Friedman's next book, Essays in Positive Economics, published in 1953, contained a famous essay on method. While many other economists were embarrassed by the over-simplified view of human nature in much economic theory, he was characteristically non-apologetic. The fruitfulness of a theory, in both the physical and the social sciences, he declared, depended on the success of the predictions which could be made with it and not on the descriptive realism of the assumptions. One of his famous examples was the proposition that the leaves of a tree spread themselves to maximise the area of sunlight falling upon them. The value of the theory depended on whether the layout of the leaves corresponded to this prediction and not on whether the tree made any such conscious effort.
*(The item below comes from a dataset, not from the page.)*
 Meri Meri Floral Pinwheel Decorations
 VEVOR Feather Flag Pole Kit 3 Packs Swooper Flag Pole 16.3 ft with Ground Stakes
This essay generated a still-running controversy which has consumed many acres of forest. But Friedman, having issued his manifesto, left others to argue about it and was more concerned to apply it in practice. Similarly, in his later expositions of the case for capitalism, he stated his own values, and cited corroborative evidence, but resisted the temptation to argue about theories of freedom, justice, the state and so on.
Friedman's methods came as a breath of fresh air to many of the academic defenders of market capitalism who had previously felt themselves to be beleaguered armchair thinkers in contrast to the econometricians and other quantitative researchers who claimed to be the wave of the future and wanted to use their methods for planning and intervention. Here at last was somebody who could hold his own with the most advanced of whiz kids and was quicker on his feet than most of them, but who was on the side of the market indeed with far fewer reservations and qualifications than most of its other supporters.
Despite the unfashionable nature of his policy views, Friedman spoke the same language as the post-war Keynesians, fitted equations to time series and provided a new field for economists in the investigation of “demand for money” functions. Indeed, his contribution was essential. For if age-old verities about the relations between money and prices, or the futility of nations trying to spend themselves into full employment were to be rehabilitated, it had to be in modern statistical dress.